Henrik Pade, business development manager at Symington's, told the FT the move was driven by the need for quicker response times – when a retailer requests more stock they do not want to wait for a container ship to trawl across the sea – and cost.

"We can produce for roughly the same cost today in Yorkshire as we are out of China," said Pade. "If you go back in time, it would probably have been 30-35% less."

Symington's is creating 50 new jobs in the UK by relocating 'The Nation's Noodles' manufacturing process.

After years of businesses relocating services and manufacturing overseas, known as off-shoring, Britain is now seeing a mass relocation from several different business sectors.

In 2011, Santander, the Spanish bank that owns that used to be Abbey, Alliance & Leicester and parts of Bradford & Bingley, moved all of its call centres back to the UK after receiving heavy criticism for poor customer service from its centres in Bangalore and Pune in India.

And last year, Tony Caldeira, owner of a large Merseyside-based cushion and furnishings maker Caldeira, received national television coverage with his two-year mission to bring his processes out of China and back to the UK.

He once saw the loss of jobs to China as an inevitable fact of life. "Just before China came 'on side', to push their globalisation agenda and sell products around the world, we realised the Chinese companies were able to sell the products more cheaply to us than we could make them," he told the Huffington Post UK.

"At that time - around 2003, 2004, I didn't have any choice but to close the UK factory and take the business to China."

So why the big move back to Blighty?

It's largely a combination of macro-economic factors, including China's maturing labour force, combined with the British shoppers' desire for understanding where their goods have come from and a push for local produce.

The continued rise in the value of the renminbi (the Chinese currency), the steady increases in shipping rates and differentials in tax rates between finished goods and raw materials, plus the cost of basic fabrics, has led to the UK looking competitive again.

And Chinese wages have soared, meaning the idea of outsourcing for cheap labour is now fast becoming outdated.

The same worker Caldeira could pay £50 per month in 2004 now earns £250, he told HuffPost UK in 2012.

The recession has also meant retailers are not willing to buy in bulk and sit on huge amounts of stock, so the cost efficiencies from buying masses of stock are no longer attractive.

Caldeira hired 20 workers to jobs in Merseyside.

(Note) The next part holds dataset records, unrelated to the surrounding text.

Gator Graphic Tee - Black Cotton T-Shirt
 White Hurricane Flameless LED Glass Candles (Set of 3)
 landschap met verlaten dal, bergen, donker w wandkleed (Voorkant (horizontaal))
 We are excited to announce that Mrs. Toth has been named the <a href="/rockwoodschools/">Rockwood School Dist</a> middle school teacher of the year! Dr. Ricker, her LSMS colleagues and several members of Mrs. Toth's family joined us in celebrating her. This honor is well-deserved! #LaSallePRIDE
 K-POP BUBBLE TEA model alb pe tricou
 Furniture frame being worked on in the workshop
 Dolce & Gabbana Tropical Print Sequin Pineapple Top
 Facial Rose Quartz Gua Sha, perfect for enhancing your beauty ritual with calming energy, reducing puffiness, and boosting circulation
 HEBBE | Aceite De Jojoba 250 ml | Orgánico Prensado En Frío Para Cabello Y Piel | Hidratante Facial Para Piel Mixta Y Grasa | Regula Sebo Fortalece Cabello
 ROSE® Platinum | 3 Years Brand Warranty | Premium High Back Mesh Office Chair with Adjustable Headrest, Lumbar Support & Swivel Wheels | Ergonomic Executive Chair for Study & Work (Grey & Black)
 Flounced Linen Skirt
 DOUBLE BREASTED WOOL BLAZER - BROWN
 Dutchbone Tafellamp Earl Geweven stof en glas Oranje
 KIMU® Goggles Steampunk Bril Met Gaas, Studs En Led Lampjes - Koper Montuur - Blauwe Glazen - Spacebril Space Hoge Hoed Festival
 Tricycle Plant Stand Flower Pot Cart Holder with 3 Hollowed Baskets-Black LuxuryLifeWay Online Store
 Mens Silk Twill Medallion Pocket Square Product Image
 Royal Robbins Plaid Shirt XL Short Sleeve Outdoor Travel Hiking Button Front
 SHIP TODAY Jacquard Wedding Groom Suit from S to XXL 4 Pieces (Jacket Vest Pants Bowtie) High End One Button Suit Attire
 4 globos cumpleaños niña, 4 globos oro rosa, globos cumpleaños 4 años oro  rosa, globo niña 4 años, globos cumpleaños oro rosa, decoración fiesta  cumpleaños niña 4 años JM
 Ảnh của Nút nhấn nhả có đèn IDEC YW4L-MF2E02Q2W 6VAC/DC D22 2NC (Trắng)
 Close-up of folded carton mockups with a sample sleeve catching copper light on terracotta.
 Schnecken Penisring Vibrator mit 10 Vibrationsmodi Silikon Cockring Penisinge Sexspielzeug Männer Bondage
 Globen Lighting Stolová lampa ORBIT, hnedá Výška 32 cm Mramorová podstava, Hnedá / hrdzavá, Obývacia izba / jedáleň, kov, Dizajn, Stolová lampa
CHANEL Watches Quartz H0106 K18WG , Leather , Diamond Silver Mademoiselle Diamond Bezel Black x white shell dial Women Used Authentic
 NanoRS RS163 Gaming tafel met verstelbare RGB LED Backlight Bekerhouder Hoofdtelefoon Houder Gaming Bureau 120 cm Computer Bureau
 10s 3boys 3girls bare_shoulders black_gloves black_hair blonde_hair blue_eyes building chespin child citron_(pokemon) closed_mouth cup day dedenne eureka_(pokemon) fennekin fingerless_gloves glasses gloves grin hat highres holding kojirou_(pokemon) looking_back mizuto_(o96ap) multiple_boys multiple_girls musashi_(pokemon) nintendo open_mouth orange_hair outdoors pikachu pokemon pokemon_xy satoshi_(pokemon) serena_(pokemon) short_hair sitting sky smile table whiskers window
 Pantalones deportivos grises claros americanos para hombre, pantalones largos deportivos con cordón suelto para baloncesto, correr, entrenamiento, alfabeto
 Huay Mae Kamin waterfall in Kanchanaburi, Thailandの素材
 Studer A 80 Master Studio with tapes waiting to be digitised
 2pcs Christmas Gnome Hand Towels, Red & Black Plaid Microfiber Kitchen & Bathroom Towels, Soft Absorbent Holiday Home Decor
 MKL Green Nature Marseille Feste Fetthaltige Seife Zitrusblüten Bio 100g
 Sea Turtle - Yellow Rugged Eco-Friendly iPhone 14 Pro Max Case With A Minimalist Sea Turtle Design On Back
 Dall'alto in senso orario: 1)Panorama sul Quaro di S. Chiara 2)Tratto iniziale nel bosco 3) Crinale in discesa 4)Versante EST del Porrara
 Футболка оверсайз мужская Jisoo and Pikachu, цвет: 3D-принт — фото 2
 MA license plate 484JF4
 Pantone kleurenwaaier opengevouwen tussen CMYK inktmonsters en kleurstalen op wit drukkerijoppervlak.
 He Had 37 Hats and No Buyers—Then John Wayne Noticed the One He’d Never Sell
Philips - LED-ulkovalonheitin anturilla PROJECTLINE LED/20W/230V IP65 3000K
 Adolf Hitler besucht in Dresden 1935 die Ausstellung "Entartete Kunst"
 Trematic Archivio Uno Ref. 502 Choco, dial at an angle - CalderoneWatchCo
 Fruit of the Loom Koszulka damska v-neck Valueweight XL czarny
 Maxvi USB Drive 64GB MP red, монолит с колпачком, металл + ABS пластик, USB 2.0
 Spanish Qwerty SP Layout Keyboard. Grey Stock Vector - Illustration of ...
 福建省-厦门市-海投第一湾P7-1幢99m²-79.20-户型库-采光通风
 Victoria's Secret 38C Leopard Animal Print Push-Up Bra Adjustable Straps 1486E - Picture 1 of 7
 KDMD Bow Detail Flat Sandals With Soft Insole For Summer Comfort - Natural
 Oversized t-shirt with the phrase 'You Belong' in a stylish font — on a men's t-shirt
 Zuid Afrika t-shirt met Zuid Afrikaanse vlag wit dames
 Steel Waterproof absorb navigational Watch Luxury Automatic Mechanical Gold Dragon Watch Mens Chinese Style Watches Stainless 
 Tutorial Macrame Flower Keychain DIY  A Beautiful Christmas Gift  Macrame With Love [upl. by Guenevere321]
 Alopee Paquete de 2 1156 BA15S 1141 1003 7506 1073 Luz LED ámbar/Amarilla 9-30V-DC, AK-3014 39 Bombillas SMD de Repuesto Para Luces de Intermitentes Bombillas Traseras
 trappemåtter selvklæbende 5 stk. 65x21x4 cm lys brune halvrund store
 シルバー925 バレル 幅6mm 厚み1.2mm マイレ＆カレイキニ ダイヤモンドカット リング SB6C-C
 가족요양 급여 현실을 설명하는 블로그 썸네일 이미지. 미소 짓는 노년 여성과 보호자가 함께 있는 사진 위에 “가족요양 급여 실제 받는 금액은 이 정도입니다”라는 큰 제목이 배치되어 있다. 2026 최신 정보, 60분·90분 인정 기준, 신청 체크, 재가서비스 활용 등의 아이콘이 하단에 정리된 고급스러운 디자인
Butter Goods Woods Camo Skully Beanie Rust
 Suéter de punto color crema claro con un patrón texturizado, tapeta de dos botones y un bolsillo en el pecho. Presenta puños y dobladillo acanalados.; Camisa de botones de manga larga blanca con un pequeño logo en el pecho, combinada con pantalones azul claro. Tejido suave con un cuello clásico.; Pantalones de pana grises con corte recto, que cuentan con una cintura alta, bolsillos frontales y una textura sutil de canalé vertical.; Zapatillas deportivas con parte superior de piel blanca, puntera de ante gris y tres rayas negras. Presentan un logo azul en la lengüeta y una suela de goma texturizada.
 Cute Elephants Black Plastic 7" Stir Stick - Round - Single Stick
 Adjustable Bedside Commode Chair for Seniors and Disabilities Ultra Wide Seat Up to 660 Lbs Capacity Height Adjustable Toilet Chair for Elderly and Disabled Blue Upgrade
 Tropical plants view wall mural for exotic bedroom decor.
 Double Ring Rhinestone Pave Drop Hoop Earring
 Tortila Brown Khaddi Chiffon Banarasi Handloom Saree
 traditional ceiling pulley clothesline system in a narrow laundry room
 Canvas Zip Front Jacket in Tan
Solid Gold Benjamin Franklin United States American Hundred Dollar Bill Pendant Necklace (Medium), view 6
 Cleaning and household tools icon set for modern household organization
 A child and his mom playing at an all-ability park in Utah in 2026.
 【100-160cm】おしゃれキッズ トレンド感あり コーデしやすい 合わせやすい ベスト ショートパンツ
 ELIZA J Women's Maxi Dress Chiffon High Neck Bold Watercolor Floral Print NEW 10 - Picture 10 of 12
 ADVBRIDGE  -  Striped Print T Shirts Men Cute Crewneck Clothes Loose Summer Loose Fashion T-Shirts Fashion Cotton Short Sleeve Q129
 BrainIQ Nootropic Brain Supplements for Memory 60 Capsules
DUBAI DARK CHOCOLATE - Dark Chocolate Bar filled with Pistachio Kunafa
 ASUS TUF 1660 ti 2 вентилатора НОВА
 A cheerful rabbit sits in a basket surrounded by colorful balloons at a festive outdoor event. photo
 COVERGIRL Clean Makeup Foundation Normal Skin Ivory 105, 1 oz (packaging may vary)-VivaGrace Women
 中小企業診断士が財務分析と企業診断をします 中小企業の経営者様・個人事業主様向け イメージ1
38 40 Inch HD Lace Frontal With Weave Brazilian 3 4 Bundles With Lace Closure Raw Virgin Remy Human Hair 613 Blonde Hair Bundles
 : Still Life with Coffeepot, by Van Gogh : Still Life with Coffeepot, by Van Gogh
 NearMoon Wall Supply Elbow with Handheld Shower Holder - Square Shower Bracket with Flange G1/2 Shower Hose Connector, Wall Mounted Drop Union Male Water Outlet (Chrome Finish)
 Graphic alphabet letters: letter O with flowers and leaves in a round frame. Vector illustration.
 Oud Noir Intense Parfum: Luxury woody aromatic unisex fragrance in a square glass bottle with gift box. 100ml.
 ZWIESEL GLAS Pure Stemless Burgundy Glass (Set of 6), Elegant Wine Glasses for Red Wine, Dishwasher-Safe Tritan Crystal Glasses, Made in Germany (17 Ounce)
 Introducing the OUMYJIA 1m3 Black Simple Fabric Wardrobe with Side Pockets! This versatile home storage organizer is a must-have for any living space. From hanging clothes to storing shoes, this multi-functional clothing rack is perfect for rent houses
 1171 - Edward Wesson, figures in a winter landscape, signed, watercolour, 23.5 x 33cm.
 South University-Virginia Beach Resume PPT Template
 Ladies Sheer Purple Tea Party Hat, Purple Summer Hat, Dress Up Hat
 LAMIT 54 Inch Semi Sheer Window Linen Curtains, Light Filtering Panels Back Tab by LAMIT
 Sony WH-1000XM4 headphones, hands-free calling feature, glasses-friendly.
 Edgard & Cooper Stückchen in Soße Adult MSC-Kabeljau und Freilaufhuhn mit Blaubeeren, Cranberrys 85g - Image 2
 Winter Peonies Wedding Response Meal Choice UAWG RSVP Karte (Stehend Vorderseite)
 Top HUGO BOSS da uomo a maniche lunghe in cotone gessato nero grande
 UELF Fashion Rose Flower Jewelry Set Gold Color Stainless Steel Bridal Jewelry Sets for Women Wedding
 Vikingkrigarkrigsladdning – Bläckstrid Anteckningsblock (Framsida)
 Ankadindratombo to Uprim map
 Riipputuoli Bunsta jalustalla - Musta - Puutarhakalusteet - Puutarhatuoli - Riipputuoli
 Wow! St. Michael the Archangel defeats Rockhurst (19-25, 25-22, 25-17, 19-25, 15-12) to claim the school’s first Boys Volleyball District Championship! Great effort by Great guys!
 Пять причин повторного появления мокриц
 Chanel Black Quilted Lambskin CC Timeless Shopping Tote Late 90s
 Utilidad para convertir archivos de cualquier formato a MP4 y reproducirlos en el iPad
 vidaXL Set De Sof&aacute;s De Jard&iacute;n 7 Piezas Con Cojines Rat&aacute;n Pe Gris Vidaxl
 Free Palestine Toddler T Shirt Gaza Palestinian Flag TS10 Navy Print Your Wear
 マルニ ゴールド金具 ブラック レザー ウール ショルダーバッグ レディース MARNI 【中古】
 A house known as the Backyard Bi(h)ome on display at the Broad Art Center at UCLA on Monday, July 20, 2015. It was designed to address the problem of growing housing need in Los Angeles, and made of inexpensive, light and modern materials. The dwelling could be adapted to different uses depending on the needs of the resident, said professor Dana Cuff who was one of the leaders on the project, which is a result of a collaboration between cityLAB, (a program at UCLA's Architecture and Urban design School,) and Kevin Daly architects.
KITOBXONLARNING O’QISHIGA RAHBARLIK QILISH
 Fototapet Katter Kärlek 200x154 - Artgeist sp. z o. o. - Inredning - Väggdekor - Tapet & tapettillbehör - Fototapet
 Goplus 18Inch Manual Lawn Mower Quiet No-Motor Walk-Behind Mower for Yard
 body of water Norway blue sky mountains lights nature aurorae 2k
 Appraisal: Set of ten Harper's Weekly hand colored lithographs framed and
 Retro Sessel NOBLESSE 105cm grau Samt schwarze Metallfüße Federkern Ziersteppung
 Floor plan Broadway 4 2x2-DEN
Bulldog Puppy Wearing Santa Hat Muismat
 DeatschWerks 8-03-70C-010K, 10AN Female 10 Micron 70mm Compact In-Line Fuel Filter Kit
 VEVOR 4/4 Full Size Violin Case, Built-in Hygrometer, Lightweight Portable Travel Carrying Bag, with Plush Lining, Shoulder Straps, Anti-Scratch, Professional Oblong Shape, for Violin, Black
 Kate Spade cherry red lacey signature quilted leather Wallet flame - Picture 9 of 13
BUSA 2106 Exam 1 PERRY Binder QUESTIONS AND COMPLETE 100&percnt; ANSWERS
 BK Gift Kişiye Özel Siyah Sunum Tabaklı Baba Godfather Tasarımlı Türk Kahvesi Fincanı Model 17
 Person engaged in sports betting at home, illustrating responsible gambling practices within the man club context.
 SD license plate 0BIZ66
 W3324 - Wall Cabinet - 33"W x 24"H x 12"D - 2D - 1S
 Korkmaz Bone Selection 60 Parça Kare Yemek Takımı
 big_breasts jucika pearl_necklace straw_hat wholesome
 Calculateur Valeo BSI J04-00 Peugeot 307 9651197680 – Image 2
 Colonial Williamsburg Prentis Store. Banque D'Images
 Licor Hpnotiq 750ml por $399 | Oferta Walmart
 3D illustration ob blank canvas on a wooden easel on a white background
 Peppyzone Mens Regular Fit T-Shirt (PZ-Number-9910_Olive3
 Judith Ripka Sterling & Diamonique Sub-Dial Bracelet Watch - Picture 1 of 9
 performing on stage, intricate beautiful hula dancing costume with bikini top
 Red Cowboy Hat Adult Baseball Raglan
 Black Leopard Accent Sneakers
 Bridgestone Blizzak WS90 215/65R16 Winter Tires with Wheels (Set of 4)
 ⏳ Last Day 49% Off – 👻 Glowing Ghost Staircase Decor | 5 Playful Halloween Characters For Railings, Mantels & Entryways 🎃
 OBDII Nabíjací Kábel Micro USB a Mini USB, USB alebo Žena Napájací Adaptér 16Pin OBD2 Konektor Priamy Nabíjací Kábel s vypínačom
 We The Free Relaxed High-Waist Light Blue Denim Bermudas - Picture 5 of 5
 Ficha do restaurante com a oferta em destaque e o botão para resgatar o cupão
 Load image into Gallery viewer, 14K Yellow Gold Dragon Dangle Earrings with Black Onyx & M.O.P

The EEF, the UK manufacturers' association, told the FT there was a "fairly consistent trickle" of manufacturers returning some production to the UK: a survey carried out in 2011 showed one in seven bringing some work back onshore.

Lee Hopley, chief economist at EEF, said companies were coming home because there was now more focus on quality and shortened supply chains.

"Companies want to make sure the whole supply chain is robust and resistant to supply shocks because they have seen significant disruptions. They are competing on service and quality and less on pure cost," she added.